**DATA FOR THE TASK:**

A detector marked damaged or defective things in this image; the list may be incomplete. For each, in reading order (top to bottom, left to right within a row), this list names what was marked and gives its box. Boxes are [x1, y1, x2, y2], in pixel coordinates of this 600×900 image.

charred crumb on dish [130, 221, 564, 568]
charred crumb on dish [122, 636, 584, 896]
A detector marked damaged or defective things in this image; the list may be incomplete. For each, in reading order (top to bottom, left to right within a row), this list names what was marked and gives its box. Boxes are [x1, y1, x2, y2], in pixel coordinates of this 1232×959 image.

==

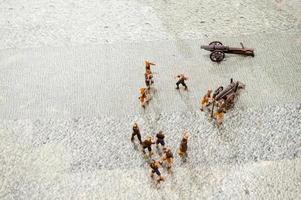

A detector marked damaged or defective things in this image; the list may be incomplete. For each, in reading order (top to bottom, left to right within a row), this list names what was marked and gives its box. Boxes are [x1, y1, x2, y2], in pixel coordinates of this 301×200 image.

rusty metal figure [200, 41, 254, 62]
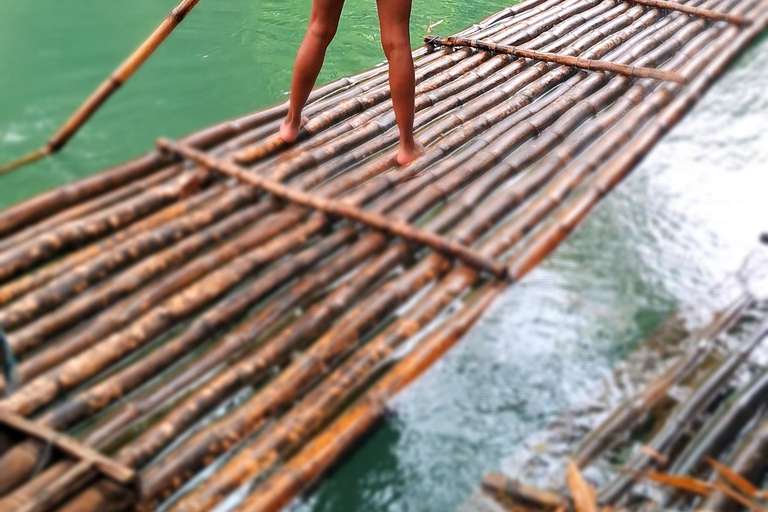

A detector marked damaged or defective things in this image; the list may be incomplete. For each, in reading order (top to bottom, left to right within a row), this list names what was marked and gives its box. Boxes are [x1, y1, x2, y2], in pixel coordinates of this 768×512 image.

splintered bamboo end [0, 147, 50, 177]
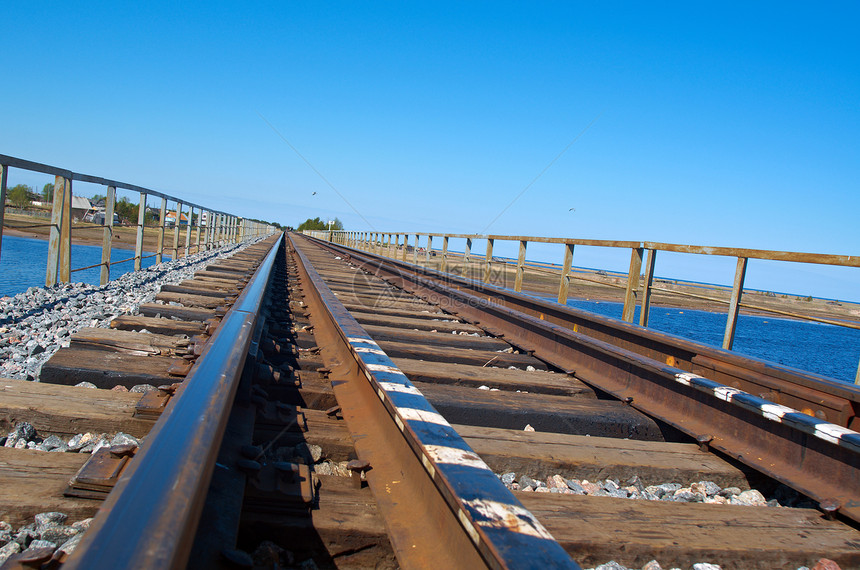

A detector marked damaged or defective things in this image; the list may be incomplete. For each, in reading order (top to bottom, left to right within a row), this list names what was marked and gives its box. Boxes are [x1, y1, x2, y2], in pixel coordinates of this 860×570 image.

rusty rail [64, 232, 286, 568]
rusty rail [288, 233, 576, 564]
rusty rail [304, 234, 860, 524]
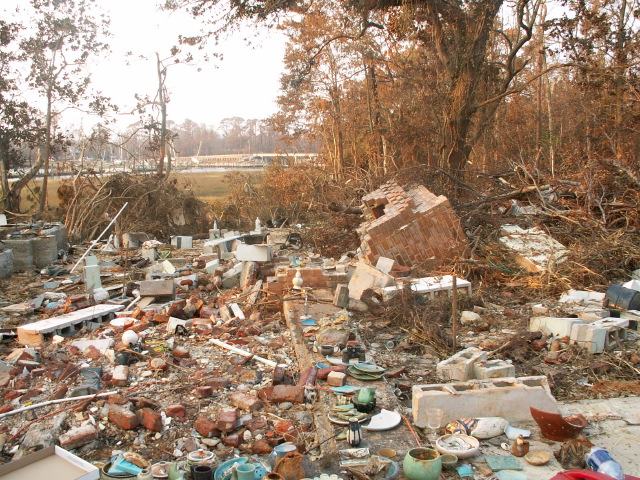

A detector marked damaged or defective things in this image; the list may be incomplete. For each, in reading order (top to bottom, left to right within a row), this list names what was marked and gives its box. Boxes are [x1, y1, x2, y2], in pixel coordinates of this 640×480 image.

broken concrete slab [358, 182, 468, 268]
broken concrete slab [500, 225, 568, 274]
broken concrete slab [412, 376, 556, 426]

==

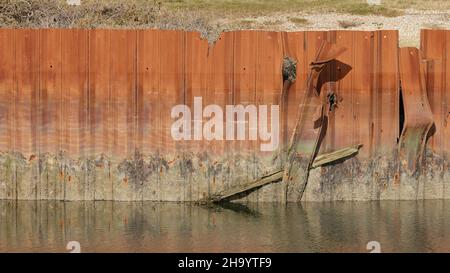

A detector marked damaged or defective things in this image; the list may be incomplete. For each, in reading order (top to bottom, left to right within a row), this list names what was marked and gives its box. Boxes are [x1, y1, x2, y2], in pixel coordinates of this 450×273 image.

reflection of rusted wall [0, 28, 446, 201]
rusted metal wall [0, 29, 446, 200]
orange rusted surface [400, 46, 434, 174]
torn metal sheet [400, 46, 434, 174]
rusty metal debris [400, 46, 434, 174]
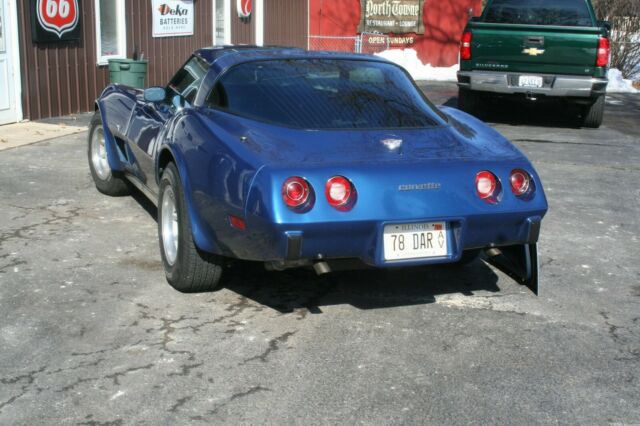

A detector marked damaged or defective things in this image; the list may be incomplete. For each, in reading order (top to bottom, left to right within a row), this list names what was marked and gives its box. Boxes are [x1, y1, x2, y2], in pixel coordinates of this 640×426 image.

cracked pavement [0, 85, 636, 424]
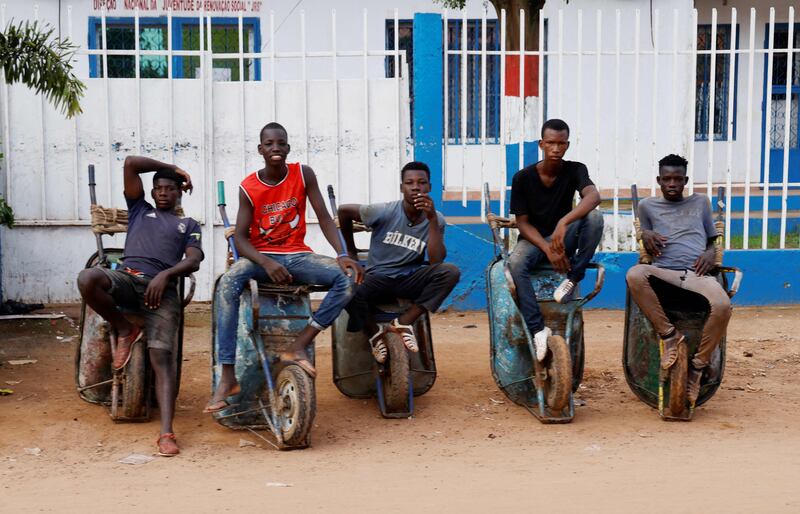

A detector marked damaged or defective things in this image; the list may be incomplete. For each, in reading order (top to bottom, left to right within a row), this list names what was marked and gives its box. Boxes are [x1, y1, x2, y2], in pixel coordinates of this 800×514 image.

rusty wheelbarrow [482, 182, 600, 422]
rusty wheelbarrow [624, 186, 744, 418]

**WHAT YOU SHOULD DO:** Copy the records above exactly, beginning at the line that contains "this 600×900 image." and stopping after the line that contains "this 1232×959 image.".

**YOUR RESPONSE:**
A detector marked damaged or defective things in this image; the list may be incomplete. For each, in reading order (top to bottom, left to right within a row), this list names what was marked and gives its box. Boxes are [x1, y1, x2, y2], in pixel coordinates of this 600×900 image.

charred crumb on dish [130, 221, 564, 568]
charred crumb on dish [122, 636, 584, 896]
A detector marked damaged or defective things in this image; the list may be incomplete. For each, in reading order (top to bottom, left to right within a row), this list names what was marked and gives its box. Boxes are [x1, y1, x2, y2], in pixel coordinates of this 1232×959 image.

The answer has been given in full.